This is one of those cases where it can be just about anything. I'll offer up some ideas on how to test each part to see if we can isolate the issue. With those issues, I'm now leaning towards a trick HDD.

HDD - Put the drive into the other system. Should be easy enough since its linux and not windows. See if the problems follow the drive.

Ram - try just 1 stick at a time

PSU - If the other PSU has 300w, should be fine for 2d testing. The GTS 250 shouldn't come close to drawing significant power until its stressed.

CPU - If its prime stable, very unlikely the issue

Mobo - Very real possibility here, but had to determine until the other parts are ruled out.

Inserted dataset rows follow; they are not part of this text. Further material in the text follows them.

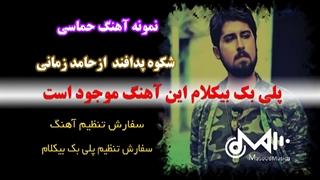 آهنگ شکوه پدافند از حامد زمانی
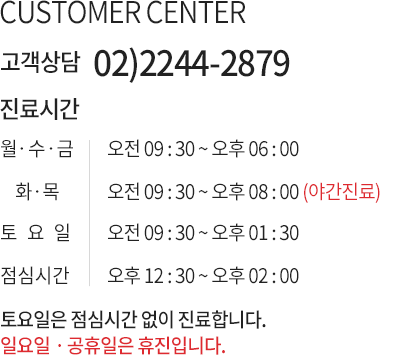 상담전화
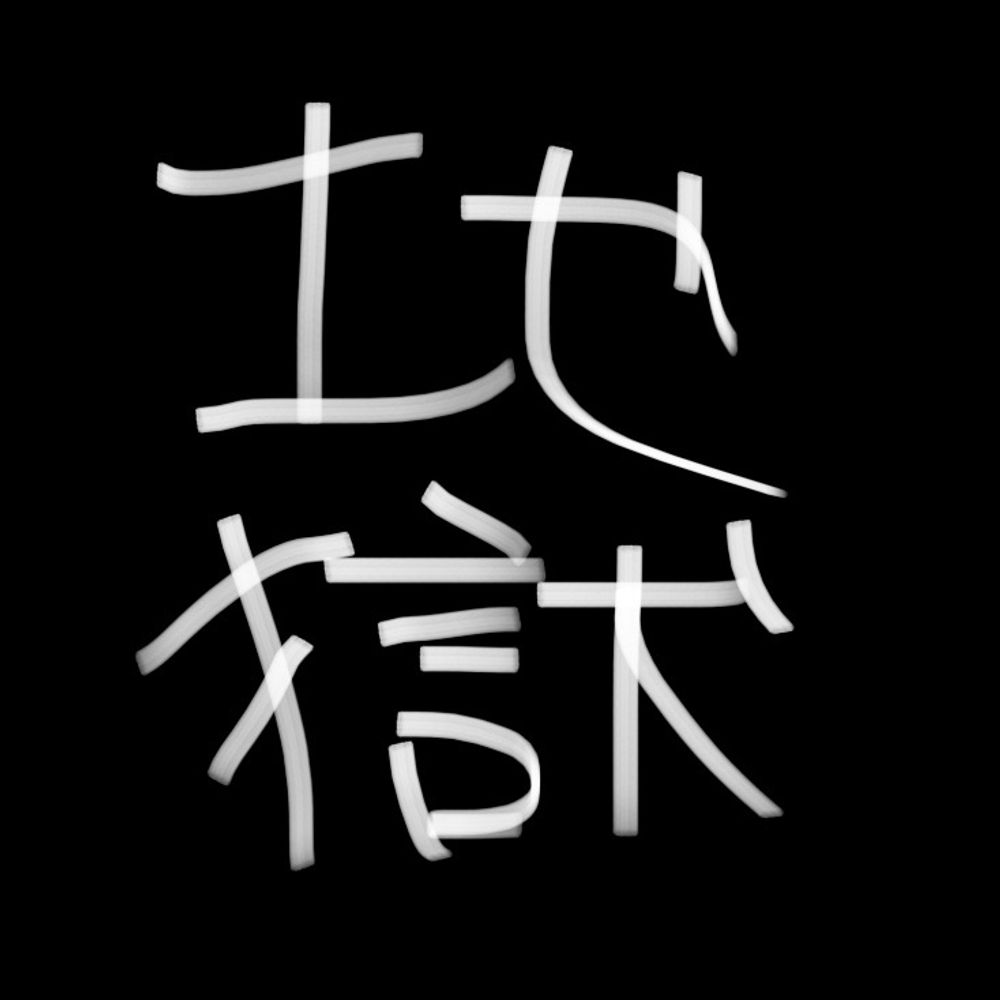 さ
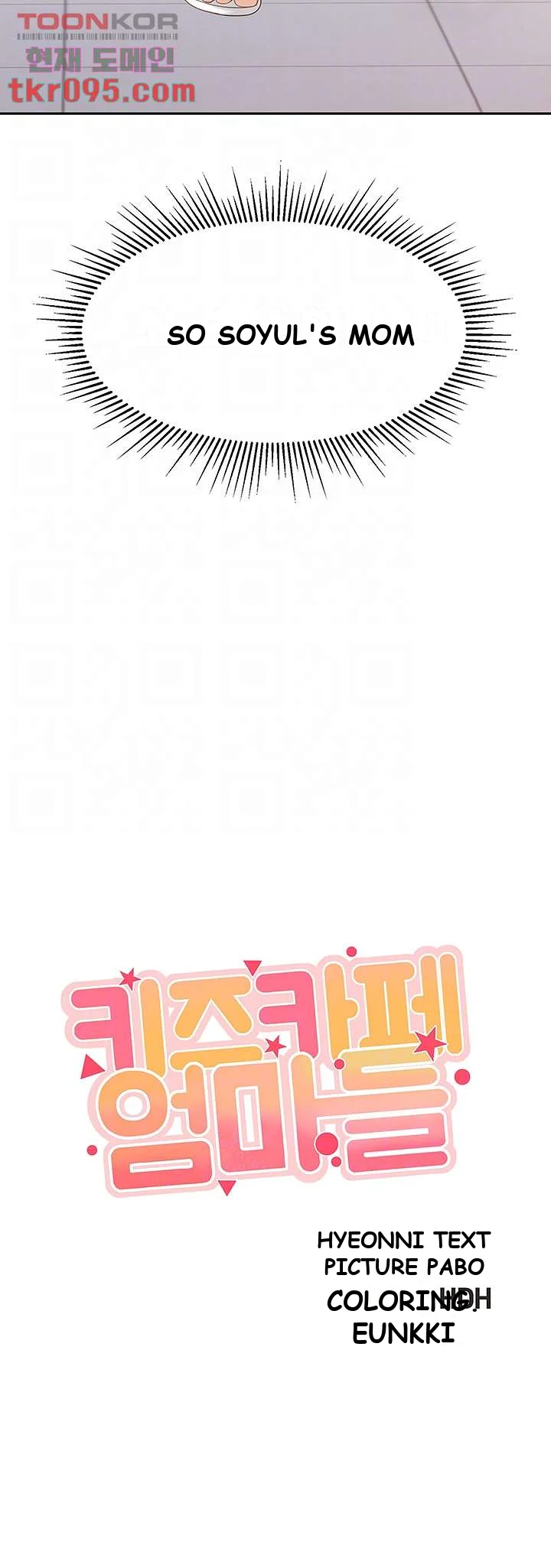 Welcome To Kids Cafe Manhwa Online Afagbb Chapter 7 - Page 5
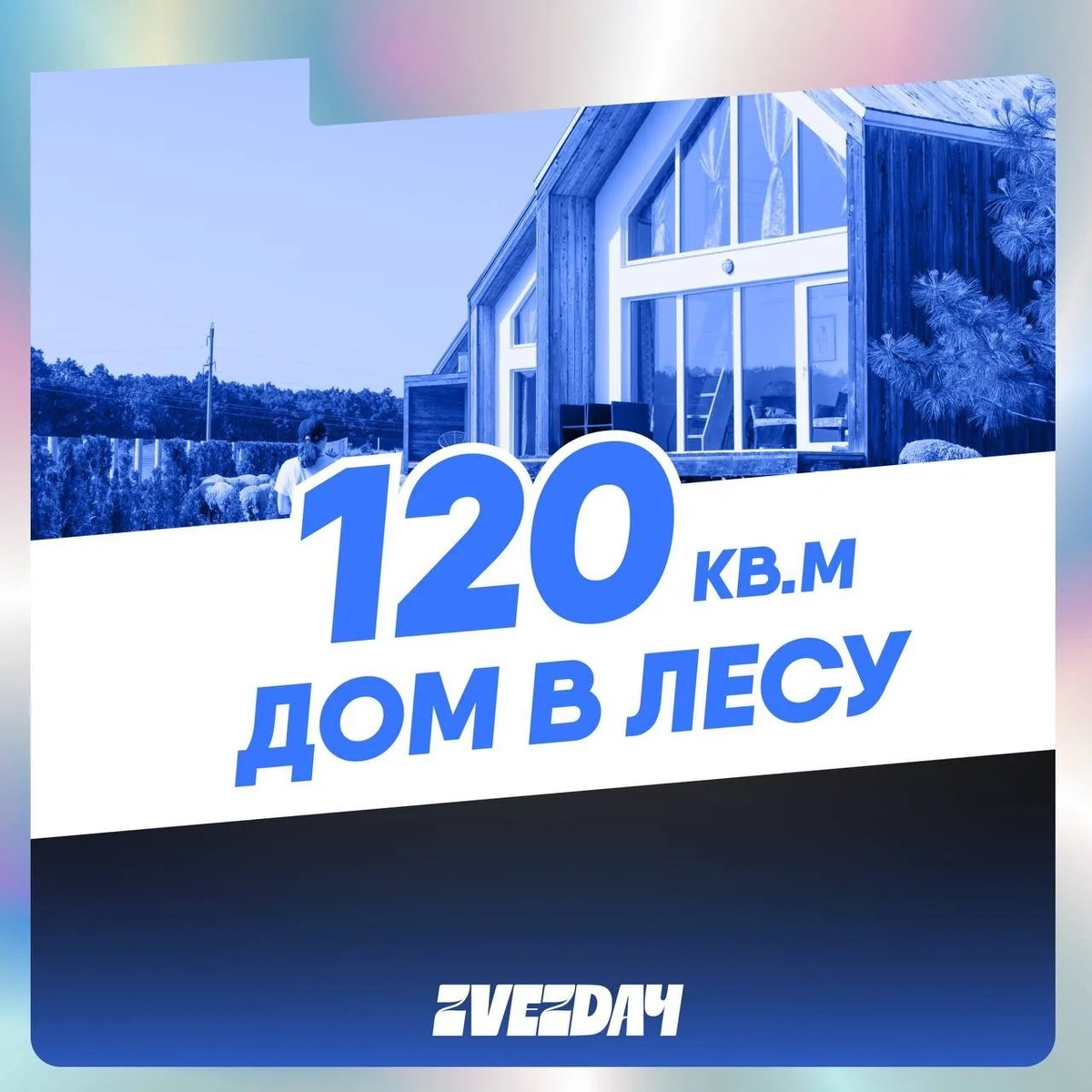 -1-2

I know its time intensive to trouble shoot a problem like this. Also, if you're thinking it might be other heat issues, pull the side off the case and see if it continues.
October 19, 2009 5:00:22 PM

Thanks for all the suggestions!

I've tested the RAM now. I did the following:
I removed the second stick and booted with the RAM settings that always made my system freeze several times (I also tried the other settings). It worked and didn't freeze.
Next, I put the same stick in the other slot and did the same as above. No freezes.
I tried the exact same with the second stick alone and didn't encounter any freezes either.
Then I put the first stick in the slot of the second stick and vice versa. No freezes.
Wondering why that would be I put them back into their old slots and booted . No freezes.
This does not make sense to me at all. Yesterday (or the day before) after the freeze I changed my RAM settings to see whether it would still freeze and it did. Now it doesn't anymore with none of the settings I tried, even the setting that would ALWAYS (not only on cold-boots) freeze my system.
I didn't try my other two slots (the unused ones) because there's no real point in that now.

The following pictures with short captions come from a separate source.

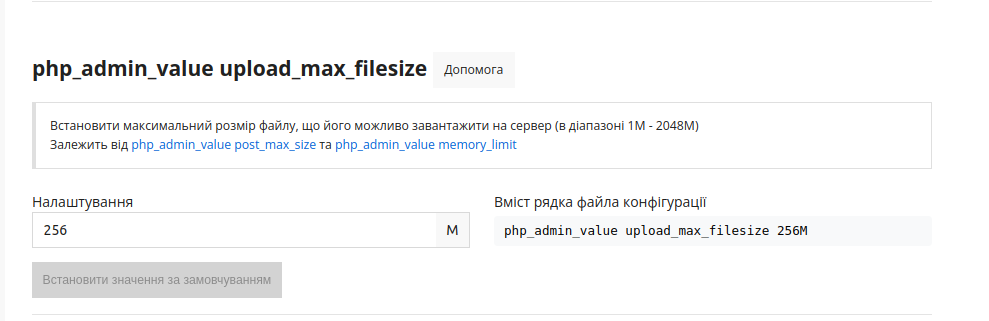 php_admin_value upload_max_filesize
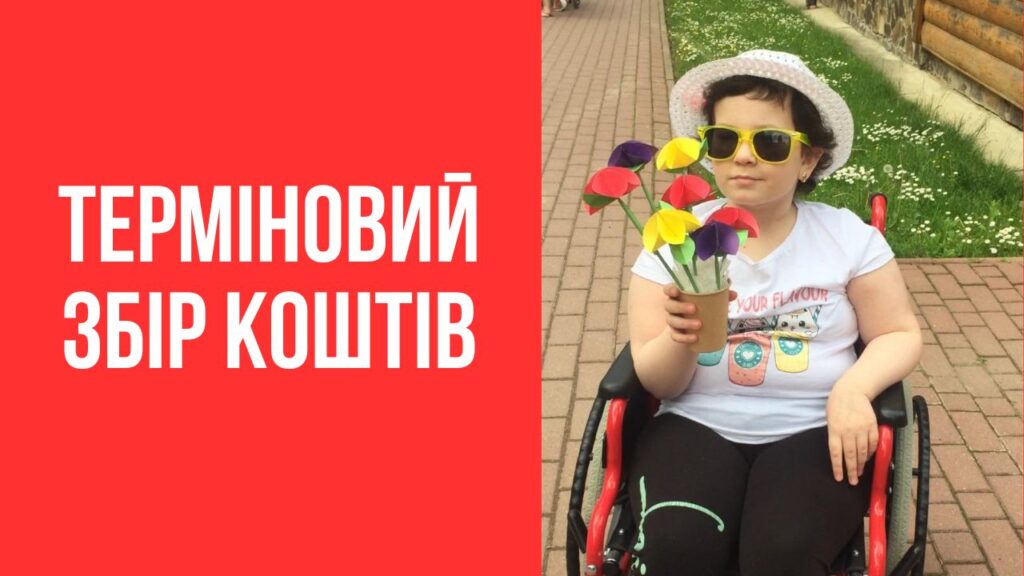 Марійка Татач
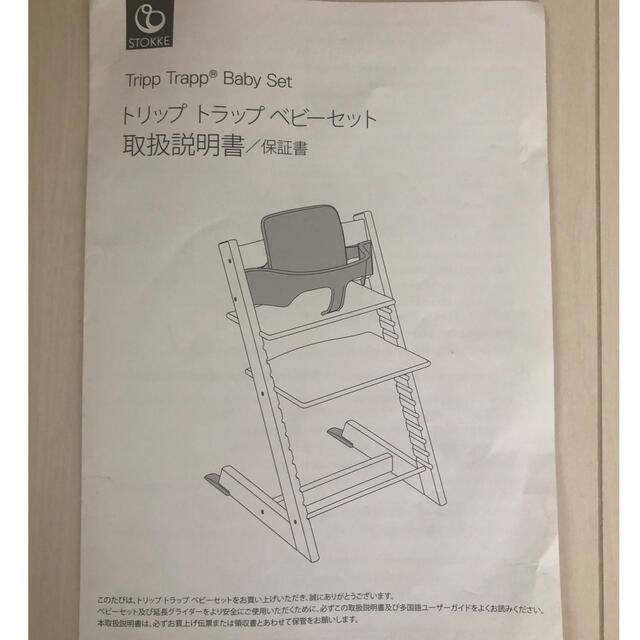 Stokke(ストッケ)のストッケ　トリップトラップベビーセット　ヘイジーグレー キッズ/ベビー/マタニティの授乳/お食事用品(その他)の商品写真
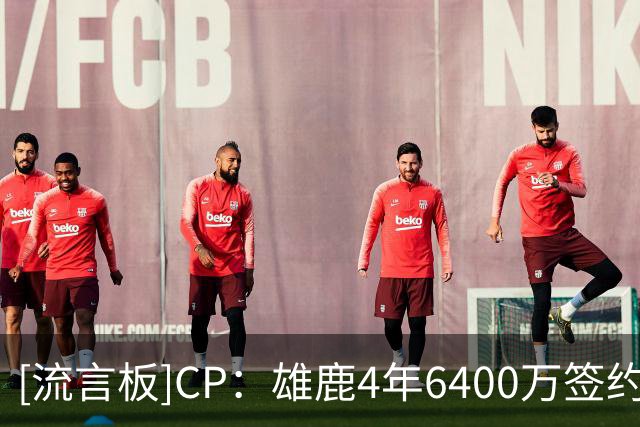 [流言板]CP：雄鹿4年6400万签约小特伦特，却让他连坐2场冷板凳
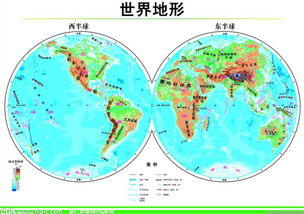 世界地形图山脉高清 图片欣赏中心 急不急图文 Jpjww Com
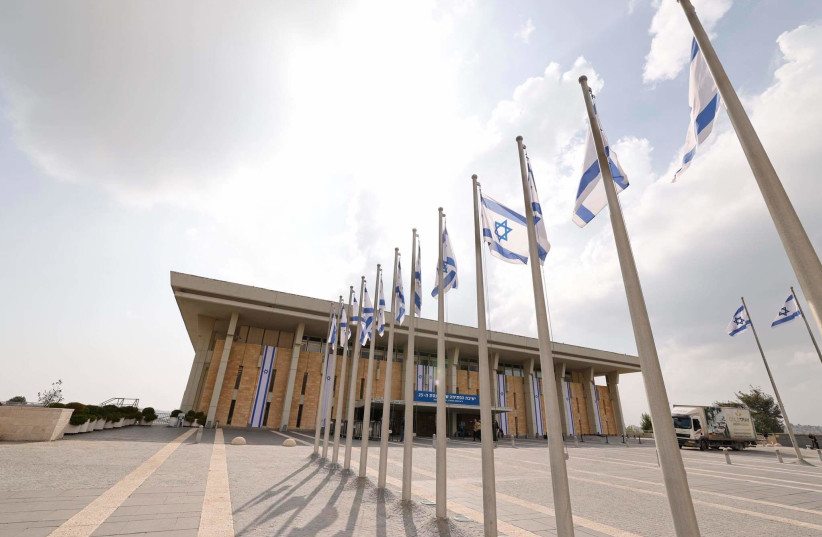  The Knesset building, home of Israel's legislature, in Jerusalem, on November 14, 2022 (Illustrative). (photo credit: MARC ISRAEL SELLEM/THE JERUSALEM POST)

Taking that into account (and the now also vanished freezes) I don't think it can be a hard drive issue. I've checked both my hard drives twice for bad sectors but they're fine. SMART checks out as well. My RAM seems to be fine as reported by memtest also.
As you said, CPU is very unlikely, as are heat issues. I've checked them multiple times and they were way up during the stress tests but that didn't crash or freeze the system either.

I still have to check on the PSU but considering the RAM issues I don't think that's the case.
It looks like it's a mainboard issue and a very weird one at that. I'd hoped the RAM tests would yield at least some results as opposed to apparently nothing.
!